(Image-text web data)
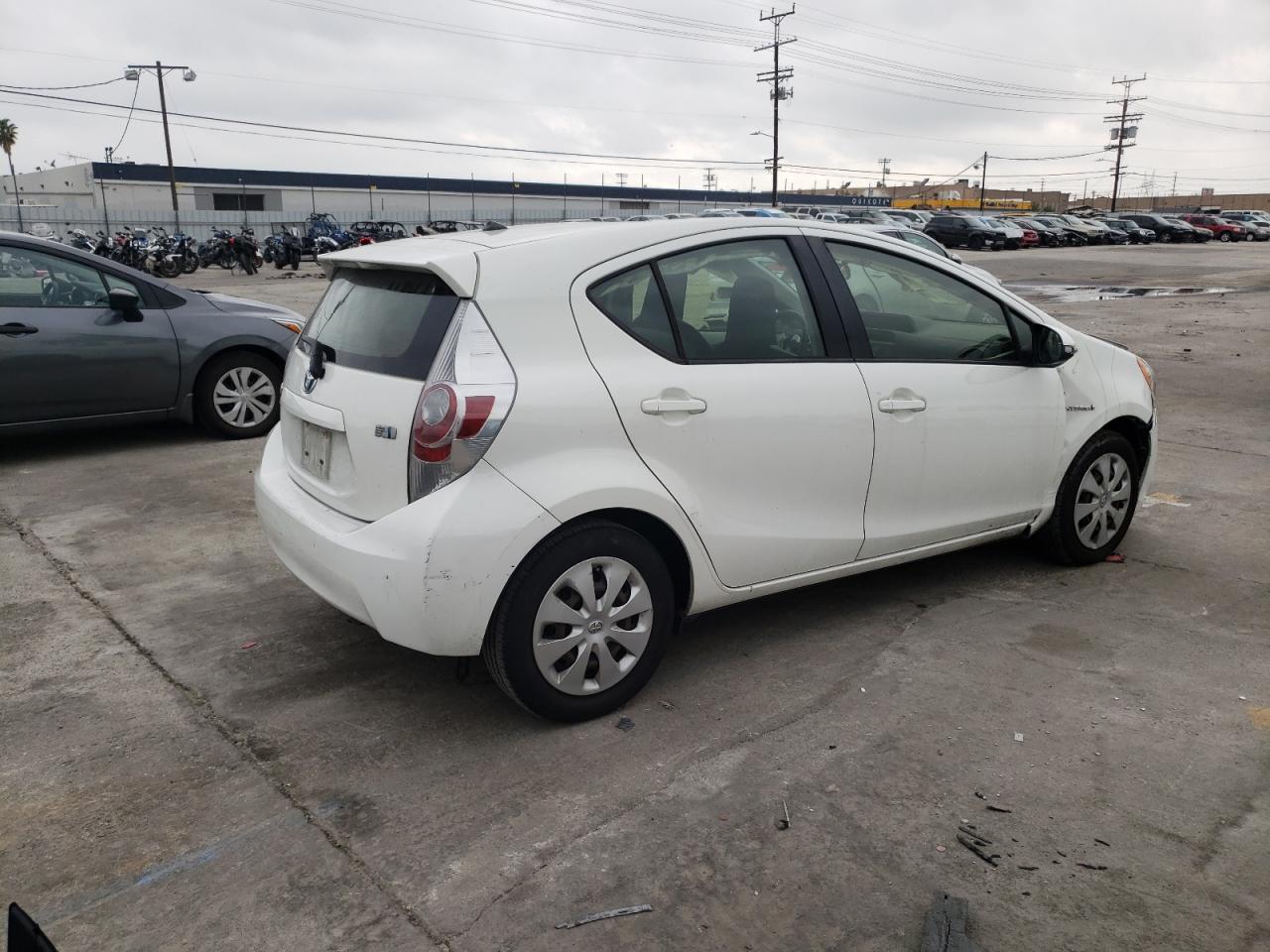 Zdjęcie 4 z aukcji – 2014 TOYOTA PRIUS C z VIN JTDKDTB35E1572575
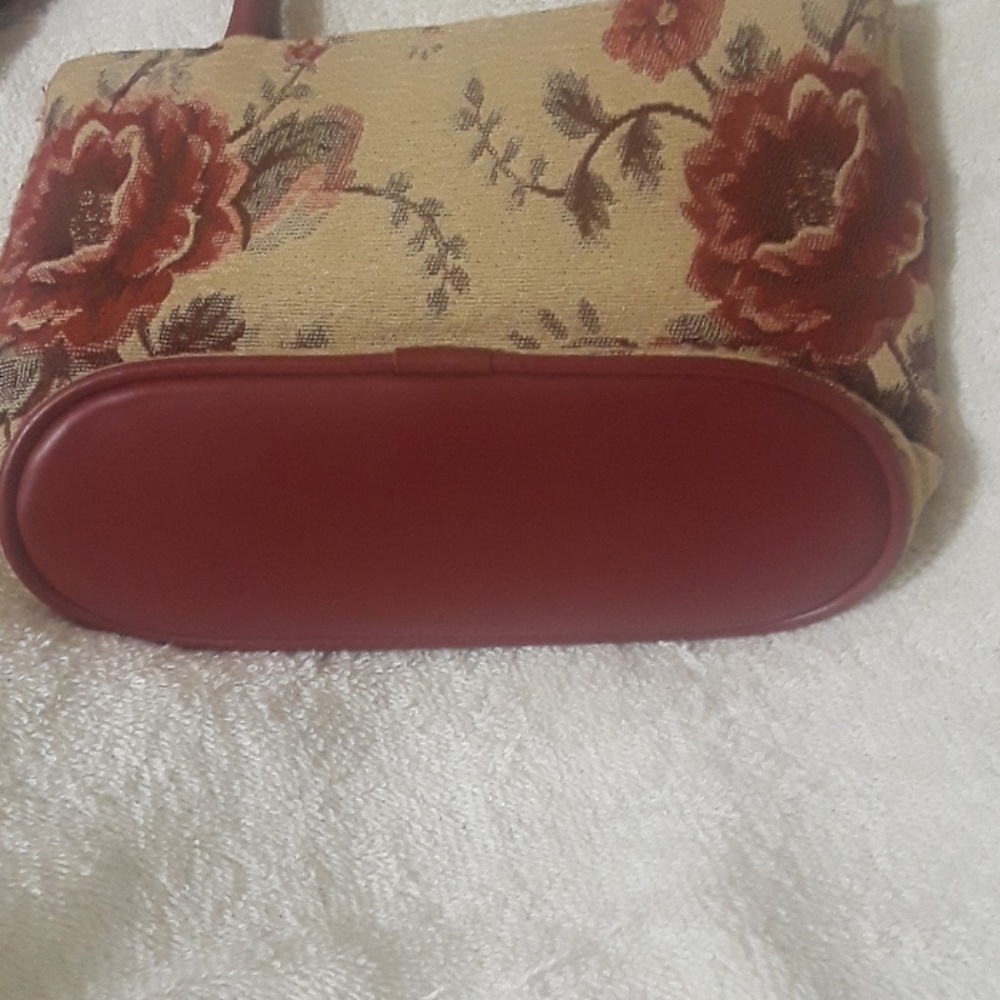 VINTAGE rose tapestry handbag - Picture 3 of 5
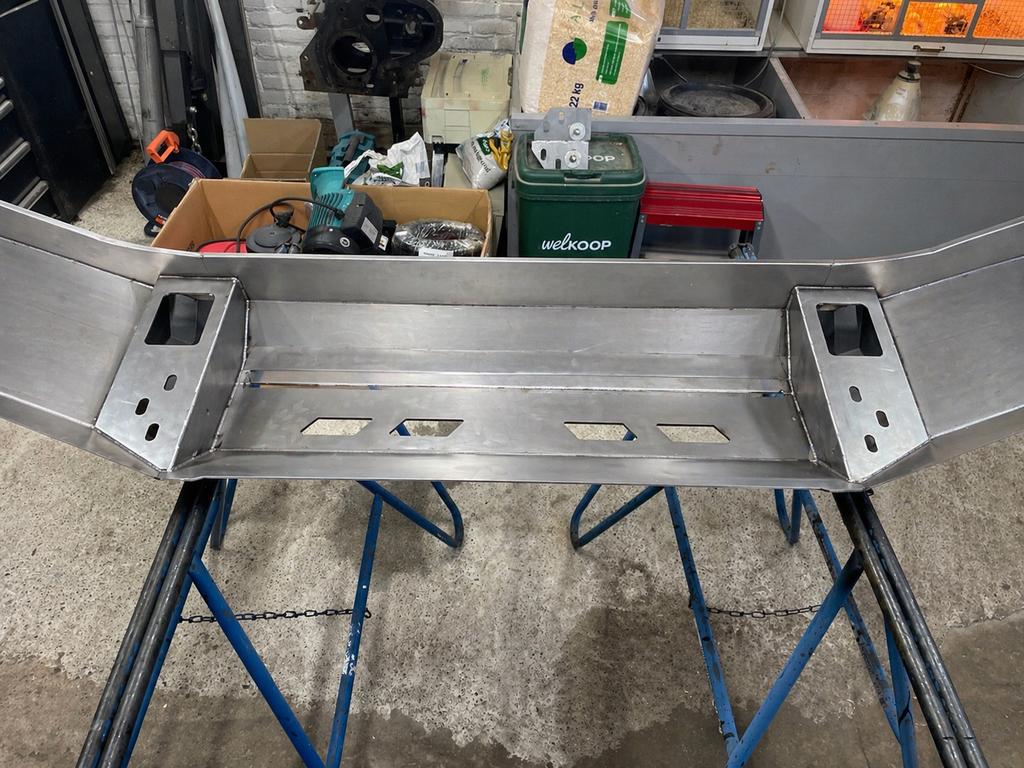 Dodge Ram Voorbumper - Robuuste Stalen Bumper, Auto-onderdelen, Voor, Nieuw, Ophalen of Verzenden, Dodge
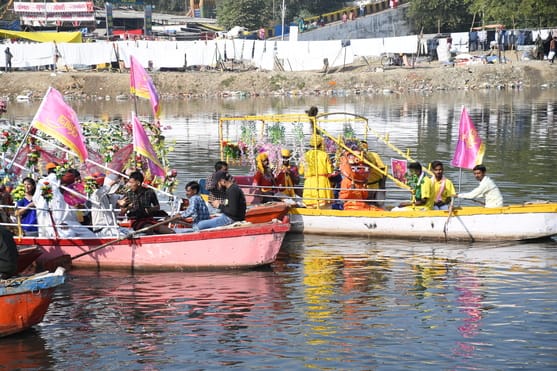 गोमती नदी में निकाली नौकाओं की भव्य शोभायात्रा में शामिल कलाकार। -अमर उजाला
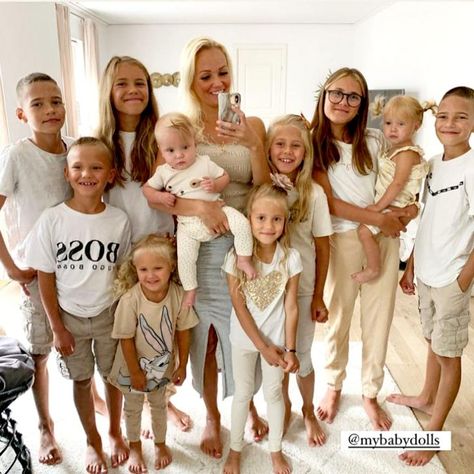 MANY women dream of becoming a mum, but that dream was almost taken from one woman who thought she’d never be able to start a family. But now, Satu Nordling Gonzalez, from Sweden, is a proud mum of ten having spent the last 14 years of her life pregnant. The 35-year-old mum details her family […] Future Family Goals, Big Family Aesthetic, Family Of 8, Big Pregnant, Family Of 7, Big Family Photos, Big Families, Large Family Photos, Huge Family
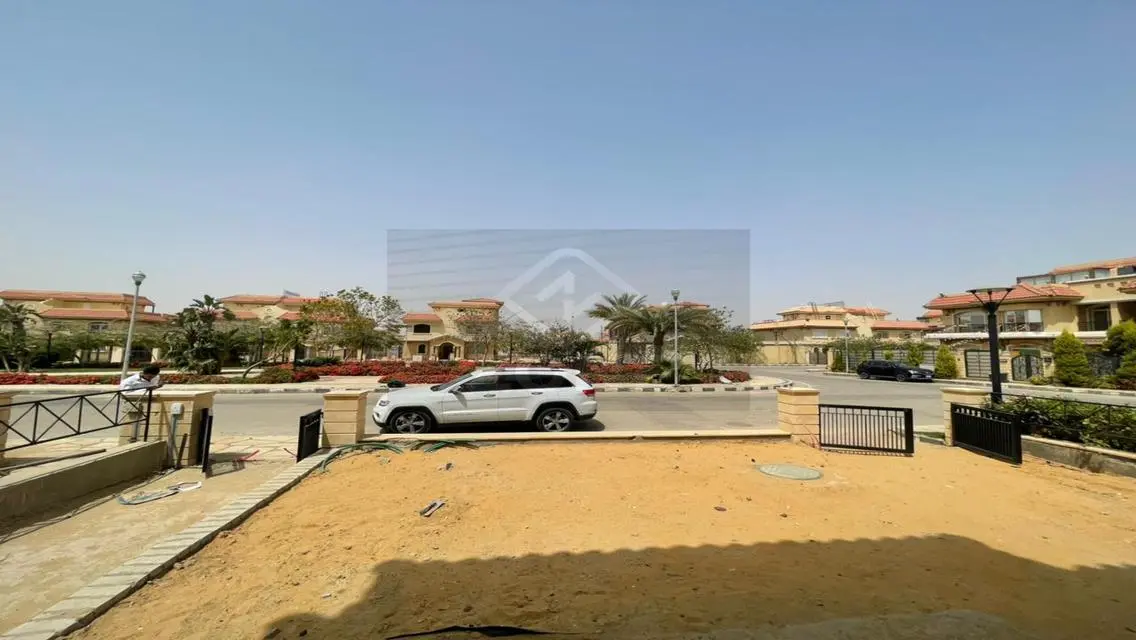 Villa for sale, corner view, wide garden, Bahri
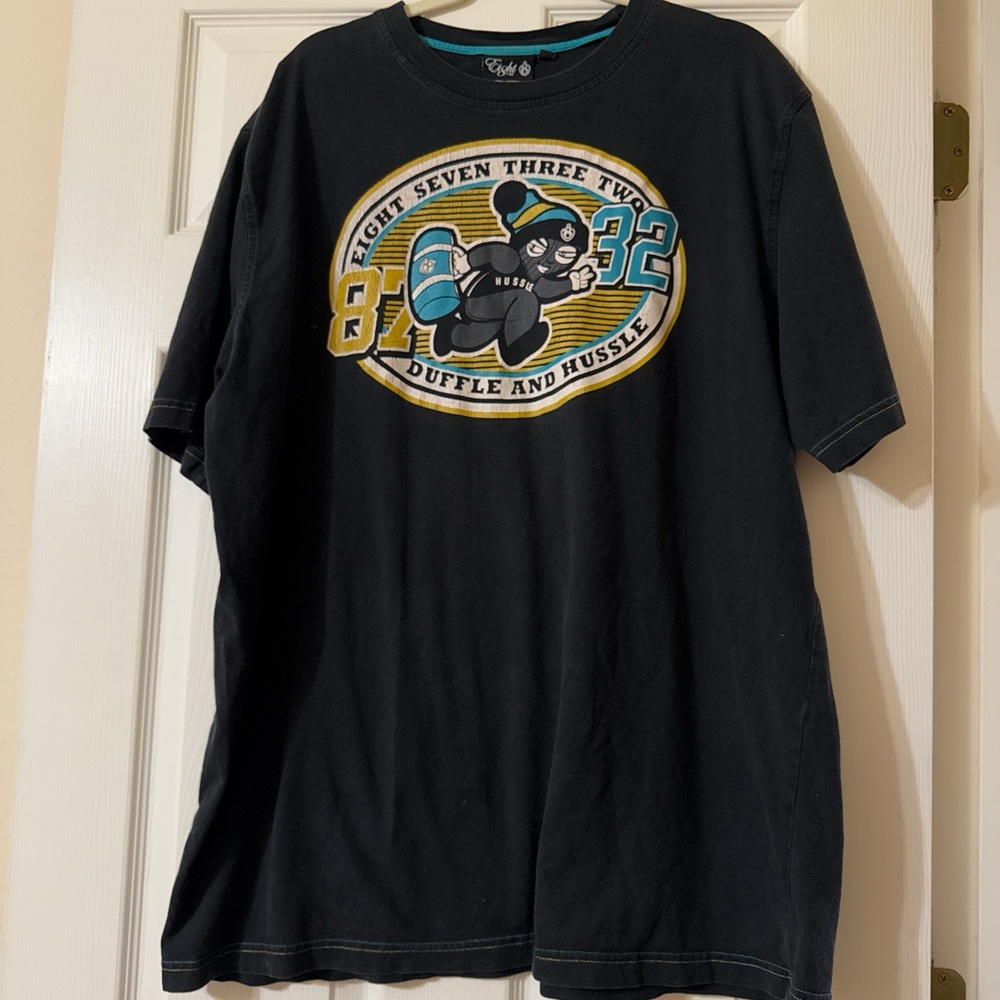 Men’s black and yellow Fight Seven Three Two tee. Size 3x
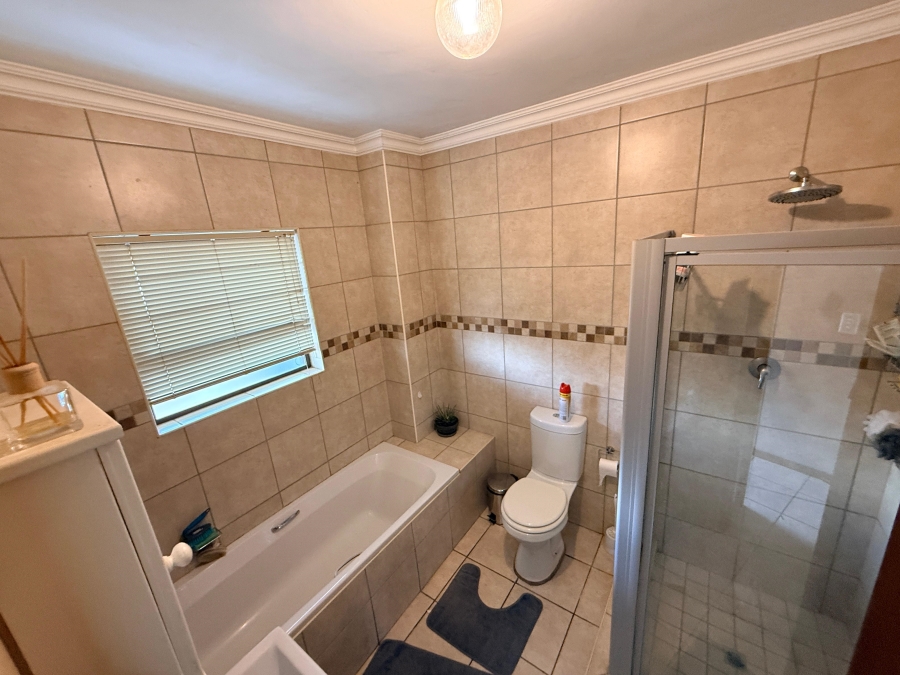 2 Bedroom Property for Sale in Die Bult North West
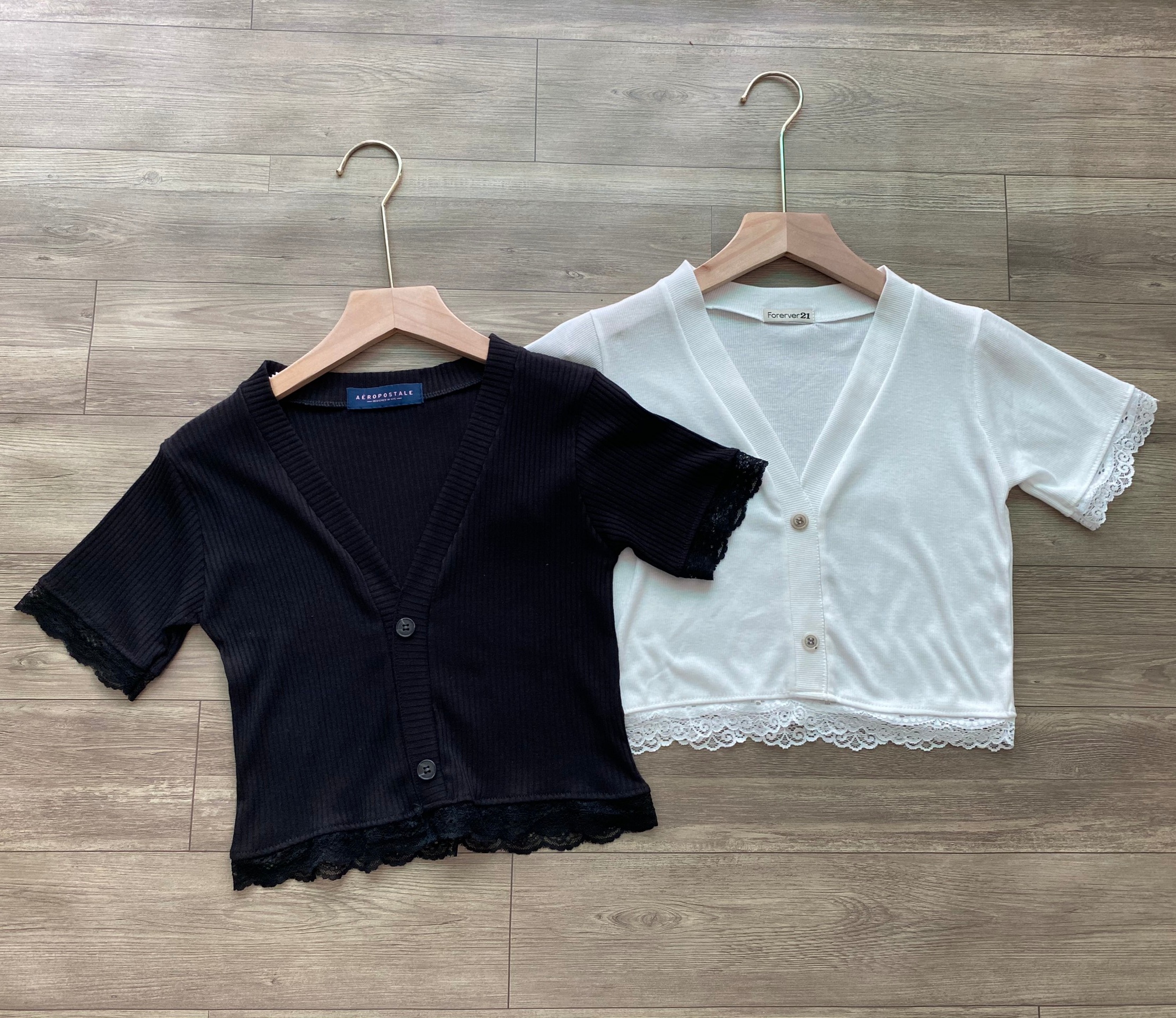 ÁO CROPTOP PHỐI REN TAY NGẮN A3CH2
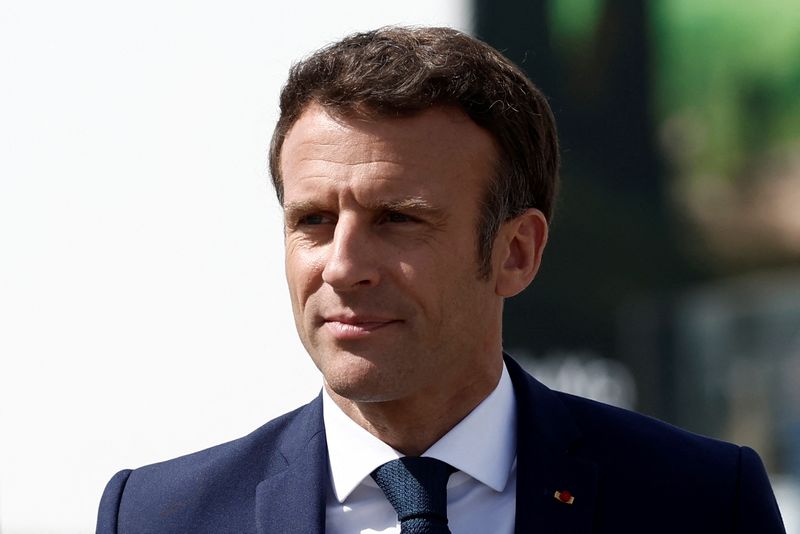 &copy; Reuters. 　４月１４日、マクロン仏大統領（写真）は、大統領選決選投票の対立候補、極右「国民連合（ＲＮ）」のマリーヌ・ルペン氏が風力発電の廃止を計画していることについて、「常軌を逸し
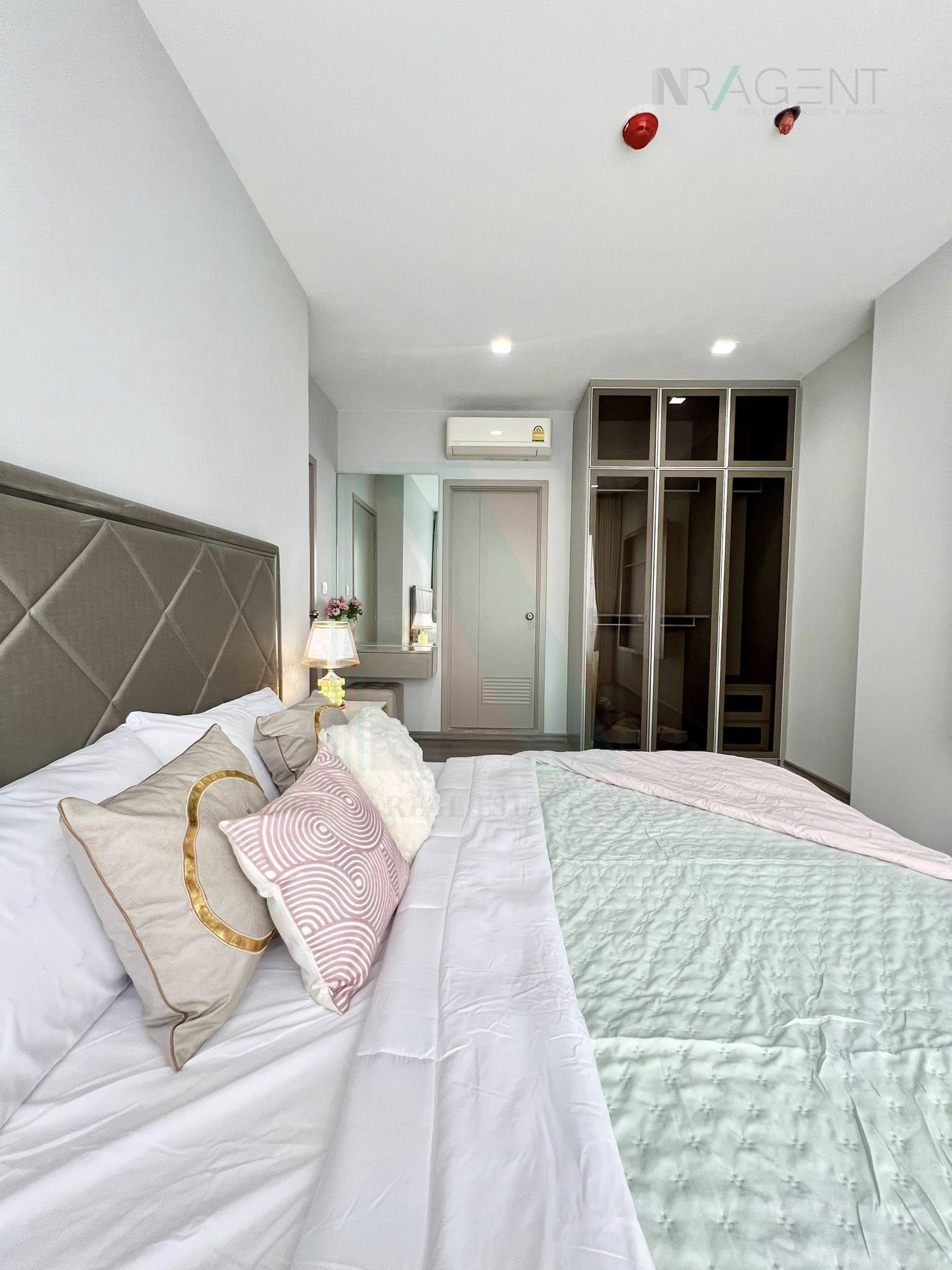 Fifth slide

§ **TASK BRIEF**:
Pictures must be left out of the answer, which should be exactly the lines from the one holding "VINTAGE rose tapestry" through the last line of the entries above, both included; please add nothing.

§ **ANSWER SECTION**:
 VINTAGE rose tapestry handbag - Picture 3 of 5
 Dodge Ram Voorbumper - Robuuste Stalen Bumper, Auto-onderdelen, Voor, Nieuw, Ophalen of Verzenden, Dodge
 गोमती नदी में निकाली नौकाओं की भव्य शोभायात्रा में शामिल कलाकार। -अमर उजाला
 MANY women dream of becoming a mum, but that dream was almost taken from one woman who thought she’d never be able to start a family. But now, Satu Nordling Gonzalez, from Sweden, is a proud mum of ten having spent the last 14 years of her life pregnant. The 35-year-old mum details her family […] Future Family Goals, Big Family Aesthetic, Family Of 8, Big Pregnant, Family Of 7, Big Family Photos, Big Families, Large Family Photos, Huge Family
 Villa for sale, corner view, wide garden, Bahri
 Men’s black and yellow Fight Seven Three Two tee. Size 3x
 2 Bedroom Property for Sale in Die Bult North West
 ÁO CROPTOP PHỐI REN TAY NGẮN A3CH2
 &copy; Reuters. 　４月１４日、マクロン仏大統領（写真）は、大統領選決選投票の対立候補、極右「国民連合（ＲＮ）」のマリーヌ・ルペン氏が風力発電の廃止を計画していることについて、「常軌を逸し
 Fifth slide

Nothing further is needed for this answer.